Qualifying

In this stage, you will train an agent using simulation environments with a 7dof KUKA IIWA robot. A baseline agent will be provided to help you get started. Along with an environment to play the whole game, we will provide three different environments to train your agent. The environments are designed to simulate different scenarios that a robot might encounter during the game. The environments are:

  • Hit: The robot needs to hit the puck to the opponent’s goal.

  • Defend: The robot needs to stop the puck from getting scored.

  • Prepare: The robot needs to control the puck to a good hit position.

The goal is to develop a robust agent that can play air hockey while satisfying the constraints. In the simulation, the collision between the robot and the table are disabled. Thus your solution must keep the mallet (Robot’s End Effector) at an appropriate height.

Environment Specifications

Here we list the some useful information about the environment.

Important

In the constraint, the joint position and velocity limits for constraint computation is 95% of the actual limits. For example, the upper bound of the position limit for joint 1 is 2.967. In the Evaluation and Constraints, we check if the joint position exceeds 2.967 * 0.95 = 2.818707.

Robot Specifications

Robot Position Upper Limit (rad)

[ 2.967, 2.09 , 2.967, 2.094, 2.967, 2.094, 3.054]

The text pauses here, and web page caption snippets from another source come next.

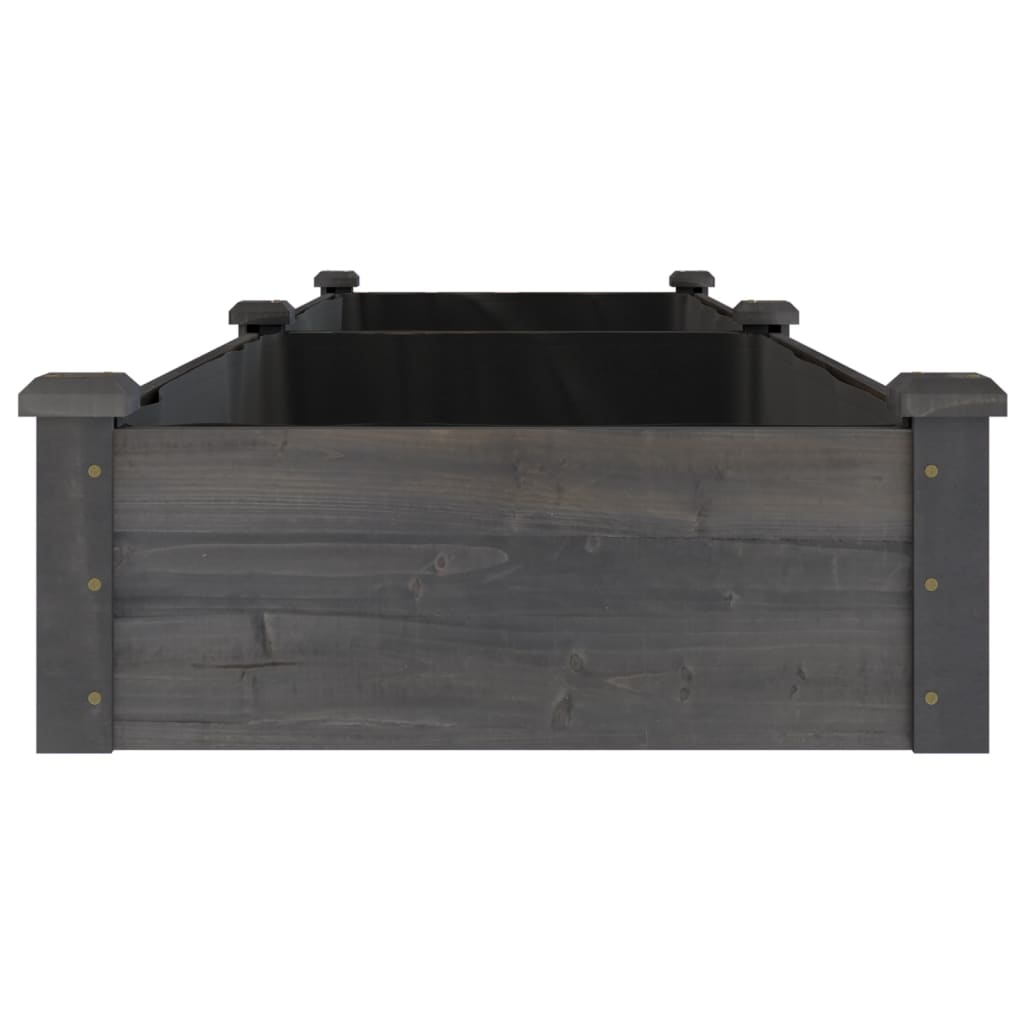 Vrtna visoka greda s podlogo siva 240x60x25 cm trden les jelke - slika 5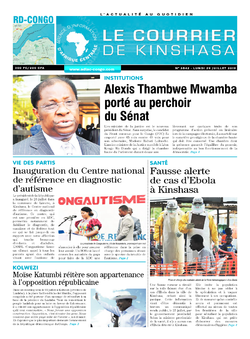 Les Dépêches de Brazzaville : Édition le courrier de kinshasa du 29 juillet 2019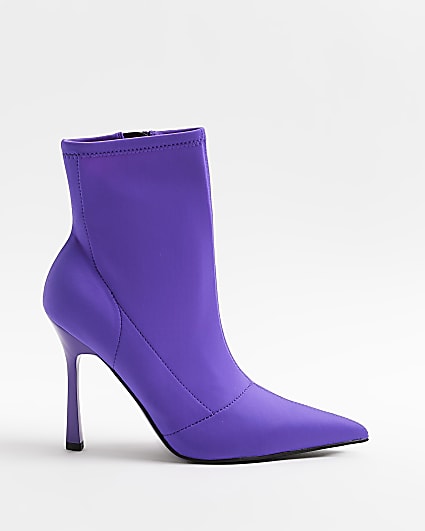 Purple satin heeled ankle boots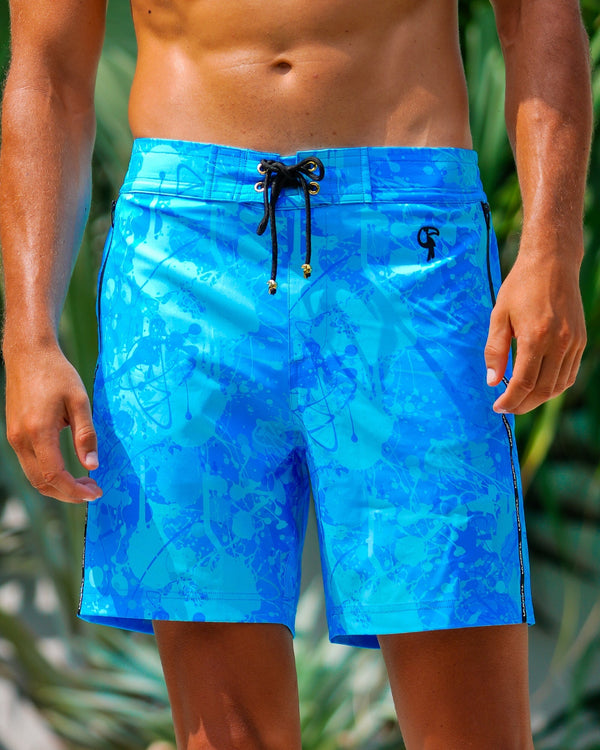 Splatter Swim Shorts Blue - 7" Shorts / Board shorts Tucann 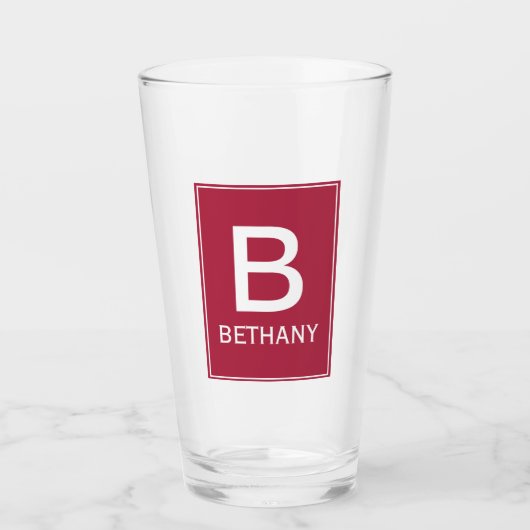 Verre Monogramme élégant moderne bordeaux (Devant)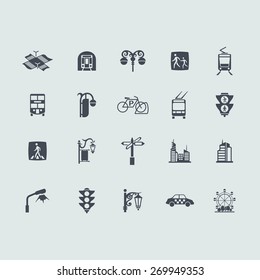 Set of city icons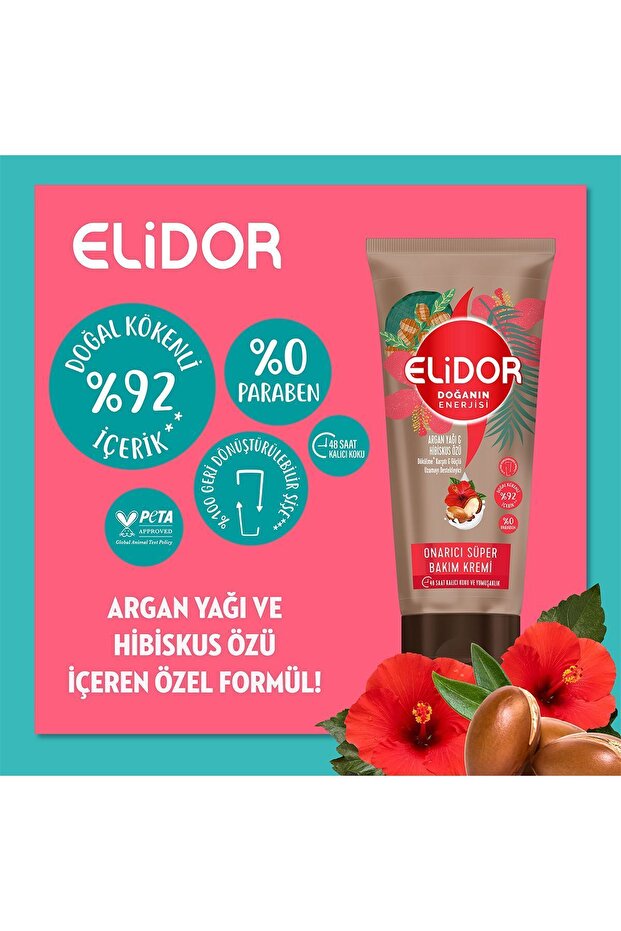 Doğanın Enerjisi Argan Yağı Ve Hibiskus Özü Şampuan 400 ml Saç Bakım Kremi 170 ml - 8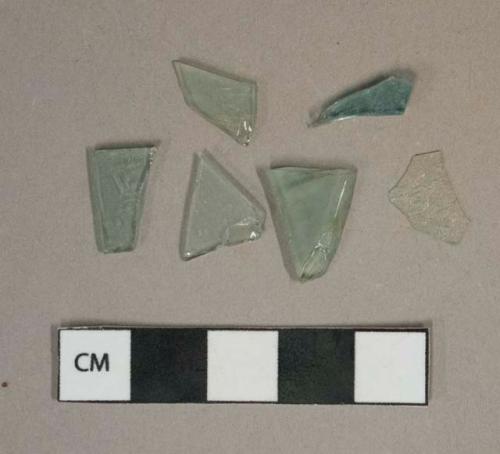 Aqua glass vessel fragments, weathered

Robot Position Lower Limit (rad)

[-2.967, -2.094, -2.967, -2.094, -2.967, -2.094, -3.054]

Robot Velocity Limit (rad/s)

+/- [ 1.483, 1.483, 1.745, 1.308, 2.268, 2.356, 2.356]

Environment Specifications

Environments

tournament, hit, defend, prepare

Initial Robot Position (fixed)

[ 0, -0.1960, 0, -1.8436, 0, 0.9704 0]

Initial Robot Velocity

0

Tournament: tournament

This environment is a complete game of air hockey. The puck is initialized randomly at one side of the table.

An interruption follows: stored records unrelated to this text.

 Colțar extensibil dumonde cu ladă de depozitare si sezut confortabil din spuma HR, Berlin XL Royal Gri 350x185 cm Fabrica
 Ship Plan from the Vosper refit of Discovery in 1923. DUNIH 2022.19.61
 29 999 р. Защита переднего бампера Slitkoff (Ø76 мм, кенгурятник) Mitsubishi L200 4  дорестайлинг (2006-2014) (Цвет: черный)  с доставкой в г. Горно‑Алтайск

_images/7dof-tournament.gif

Initialization Range:

\(x\)

[0.81, 1.31]

\(y\)

[-0.39, 0.39]

linear speed (m/s)

0

angular speed (rad/s)

0

Termination Criterion: - The puck is stuck on one side for 15 seconds. - The puck is scored. - The puck is stuck in the middle.


Hit: hit

In this task, the opponent moves in a predictable pattern. The puck is initialized randomly with a small velocity. The task is to hit the puck to the opponent’s goal.

_images/7dof-hit.gif

Initialization Range:

\(x\)

[0.81, 1.31]

\(y\)

[-0.39, 0.39]

linear speed (m/s)

[0, 0.5]

angular speed (rad/s)

[-2, 2]

Termination Criterion: The puck is bounced back or scored.

Success Criterion: The puck is in opponent’s goal when the episode terminates.


Hit Single: hit_single

This task is similar to the hit task, but there is no opponent.

_images/hit_single.gif

Initialization Range:

\(x\)

[0.81, 1.31]

\(y\)

[-0.39, 0.39]

linear speed (m/s)

[0, 0.5]

angular speed (rad/s)

[-2, 2]

Termination Criterion: The puck is bounced back or scored.

Success Criterion: The puck is in opponent’s goal when the episode terminates.


Defend: defend

The puck is randomly initialized on the right side of the table with a random velocity heading left. The objective is to stop the puck on the right side of the table and prevent it from getting scored.

_images/7dof-defend.gif

Initialization Range:

\(x\)

[1.80, 2.16]

\(y\)

[-0.4, 0.4]

linear speed (m/s)

[1, 5]

angular speed (rad/s)

[-10, 10]

Termination Criterion: The puck is returned to the opponent’s side or scored or the puck speed drops below the threshold.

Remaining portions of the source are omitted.